O que temos atualmente é um domínio de apenas um grupo que de certa forma impõe o que viria a ser a sua referência de patrimônio e desta forma outros grupos que por falta de acesso a tais informações ficam a margem de tal interpretação, o historiador D. Byrne afirma que “É comum que os grupos dominantes usem seu poder para promover seu próprio patrimônio, minimizando ou mesmo negando a importância dos grupos subordinados, ao forjar uma identidade nacional à sua própria imagem”.
No bojo da abertura histórica que se presencia no termo patrimônio, iniciada com a denúncia da bipolaridade de interesses na ótica marxista, seguida de uma crítica pós-moderna aos conflitos não só econômicos, como muitos outros: os culturais, sociais, políticos, de gênero, de idade , parece correto questionar quais as reais condições de se buscar a valorização da diversidade e permitir os impulsos dos diversos atores sociais no resgate e na guarda de seus monumentos patrimoniais?

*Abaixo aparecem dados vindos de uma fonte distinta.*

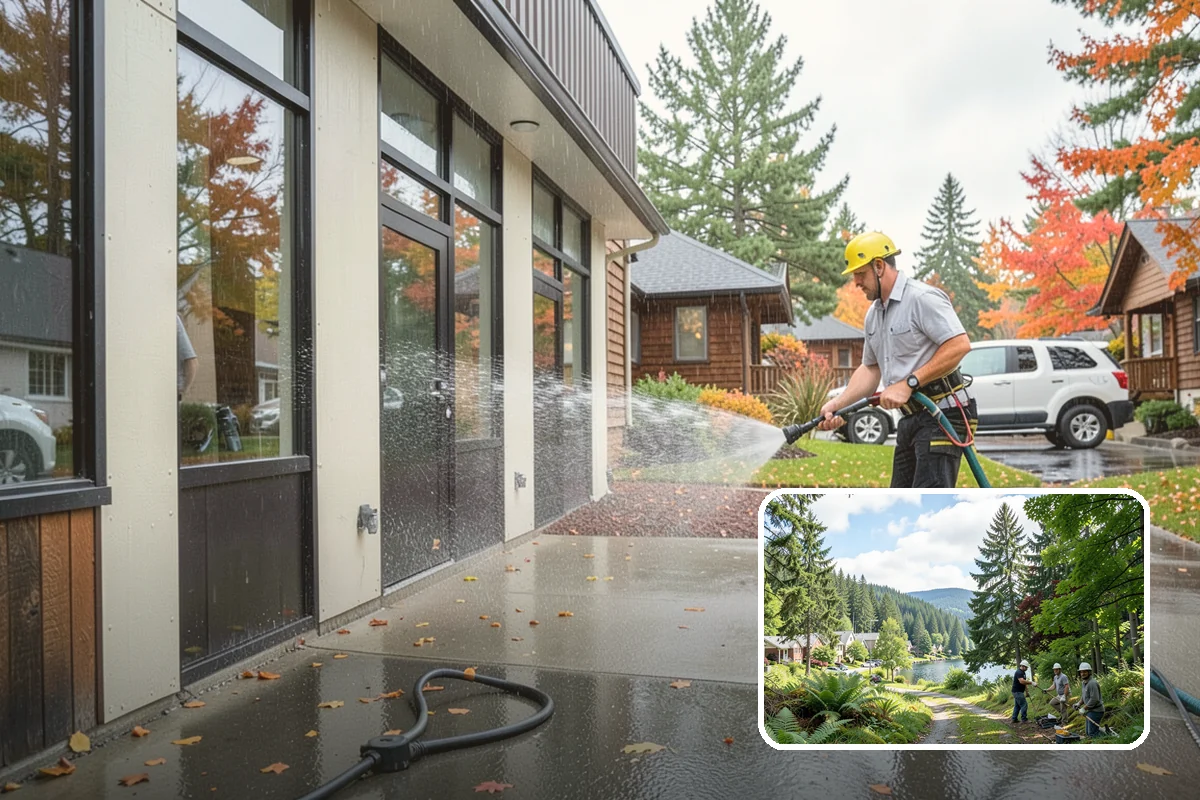 Shed Cleaning in Lake Forest Park, King County, WA - Removes the mossy green film that thrives in shaded Puget Sound yards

Uma importante contribuição neste sentido surgiu a algumas décadas, com a criação da “UNESCO que tem gerado uma sólida propagação da diversidade que envolva as comunidades de maneira geral, na preservação e gestão pública de seus bens culturais” . No entanto, para além deste esforço, o que se presencia é uma busca constante pela uniformização cultural, principalmente se tomarmos como base a expansão e a solidificação dos meios de comunicação em massa. Sendo assim o efeito nocivo dessas novas ferramentas da comunicação e da informação para a diversidade cultural talvez ainda careça de maiores esclarecimentos para a população.
CONSIDERAÇÔES FINAIS
O que proponho portanto neste artigo é reforçar a ideia de inserção da população enquanto protagonista no que se refere a apropriação cultural, pois outrora, sempre esteve a margem deste processo de preservação se observarmos em uma perspectiva histórica. Tomando como posicionamento o sujeito enquanto articulador do movimento da história, capaz de mudá-la e recriá-la.

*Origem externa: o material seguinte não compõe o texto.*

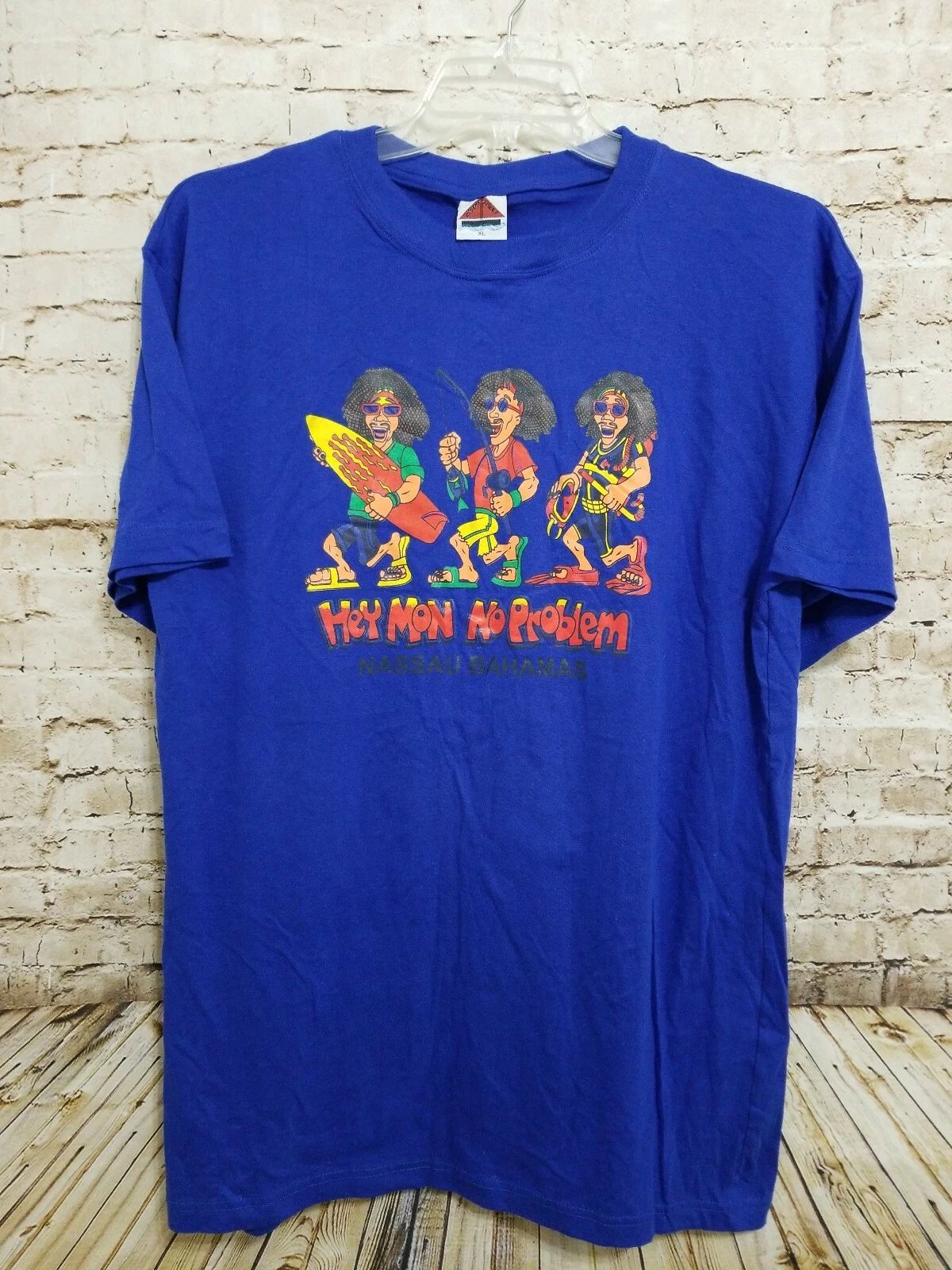 Bahama Sport Hey Mon No Problem Nassau Bahamas Graphic Tshirt Sz XL Surf Blue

Portanto não parte apenas, da simples delegação de funções a entidades autarquicas ou governamentais, pois o povo enquanto agente e sujeito histórico deve, apesar de uma série de impecílios, tomar este espaço enquanto seu, pois a ele se destina. Sabendo que “A cultura e a memória de um povo são os principais fatores de sua coesão e identidade, os responsáveis pelos liames que unem as pessoas em torno de uma noção comum de compartilhamento e identidade, noção básica para o senso de cidadania” .
A população passa a se relacionar com o patrimônio de forma pessoal e a preservação passa a ser para a comunidade um assunto muito sério. A discussão gerada nos processos educativos passa a fazer parte do cotidiano das pessoas: elas se reconhecem e vêm no patrimônio um pedaço de sua história e de seus descendentes.

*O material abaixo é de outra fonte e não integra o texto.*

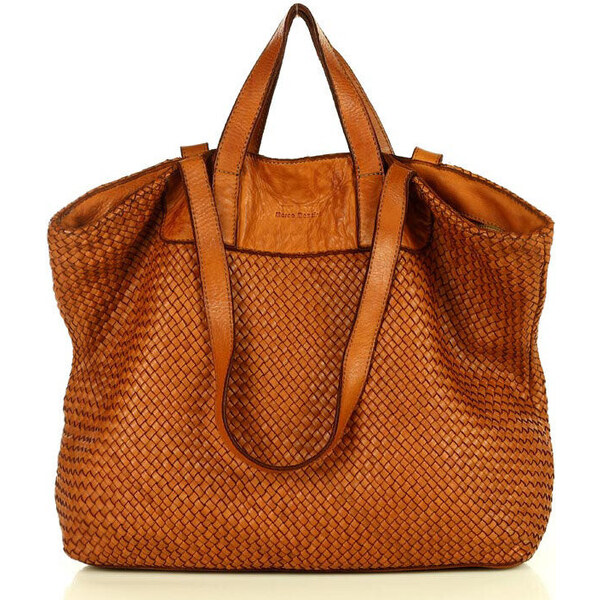MARCO MAZZINI Kožená shopper taška | camel v186a 56606296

A preservação deixa de ser algo imposto desde fora, mas é interiorizada e torna-se vital. A educação patrimonial tem um papel de resignificar a relação de afeto pelo patrimônio, sendo assim ao se trabalhar com a população o conceito do que é patrimônio, memória, bem cultural, cria-se um canal para a conscientização sobre o espaço público, seus direitos e deveres, estimulando assim a cidadania dos mais diversos grupos: crianças e adolescentes, pessoas de terceira idade, portadores de necessidades especiais, etc.
À luz desta interpretação da História, devemos reivindicar o empoderamento dos Movimentos Sociais, da Sociedade Civil Organizada e do Povo de maneira geral sobre o patrimônio cultural, pois se a quem foi dada a gerência até hoje, o fez de maneira ineficaz e descomprometida, acredito ser louvável a predisposição da população a fim de se tornarem guardiões deste patrimônio da história cultural brasileira.